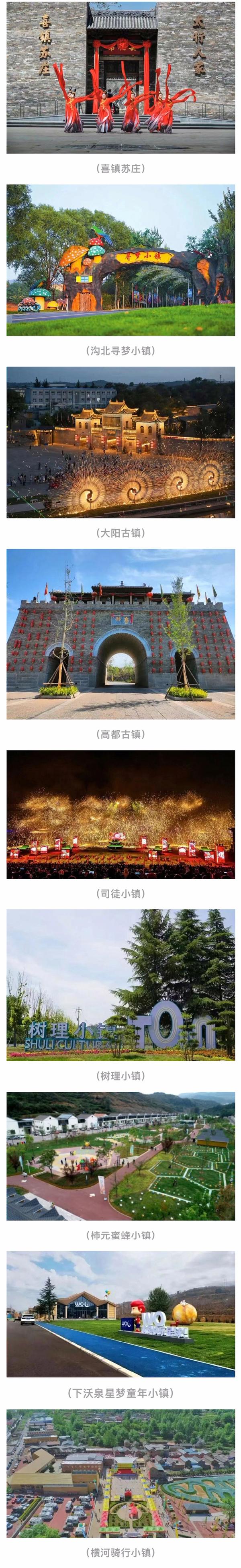 国庆游晋城，精品线路首发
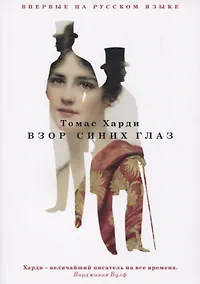 Купить Взор синих глаз — Фото №1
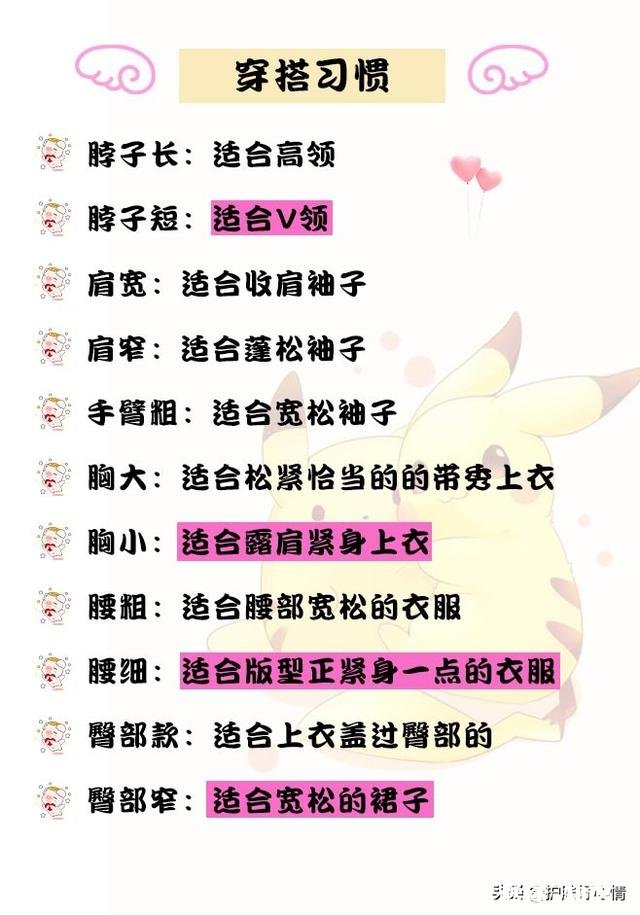 有哪些护肤的好习惯，可以让自己看起来更年轻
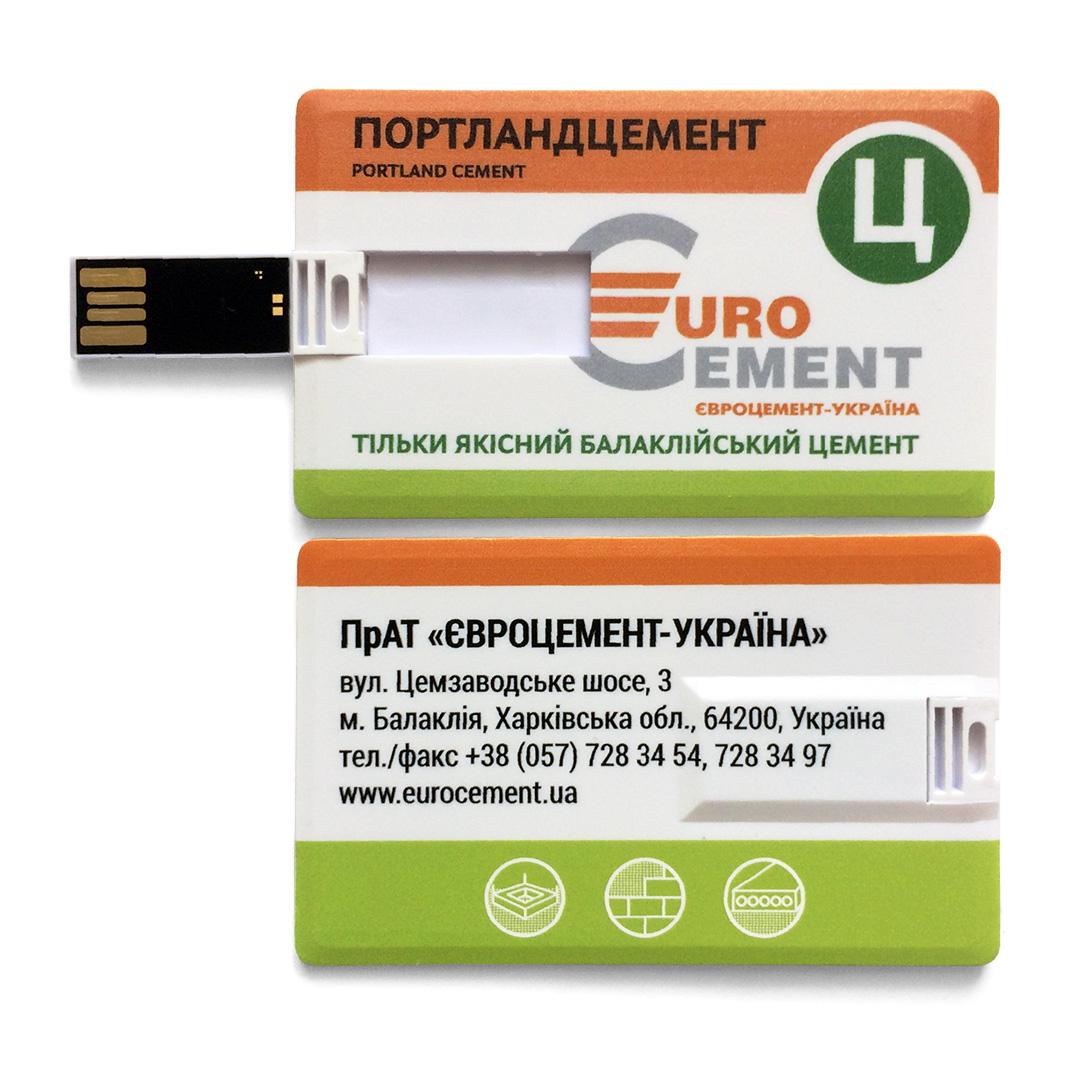 Флешка кредитная карта USB 2.0 с логотипом 8 Gb Флешка кредитная карта USB 2.0 с логотипом 8 Gb Фото 6
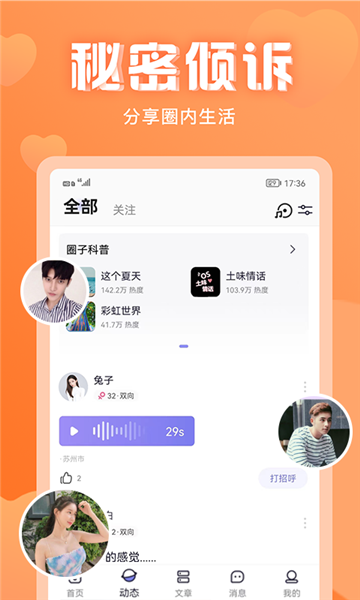 无秘圈截图1
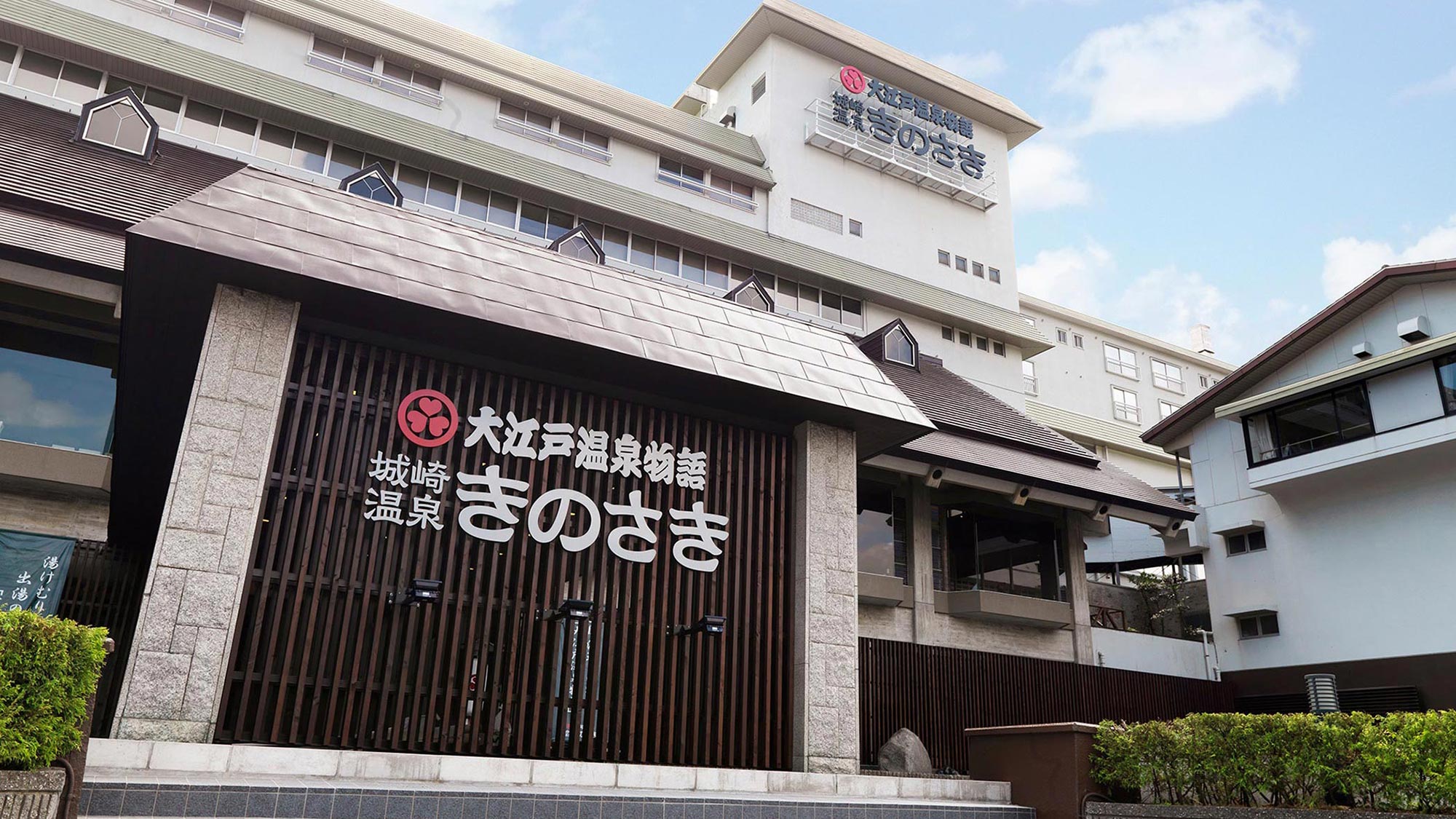 Oedo Onsen Monogatari Premium Kinosaki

::::

### What needs to be done
With the pictures omitted, copy exactly the lines from the line that contains "Флешка кредитная карта USB 2.0 с логотипом 8 Gb Флешка" through the end of the material.

### Task response
 Флешка кредитная карта USB 2.0 с логотипом 8 Gb Флешка кредитная карта USB 2.0 с логотипом 8 Gb Фото 6
 无秘圈截图1
 Oedo Onsen Monogatari Premium Kinosaki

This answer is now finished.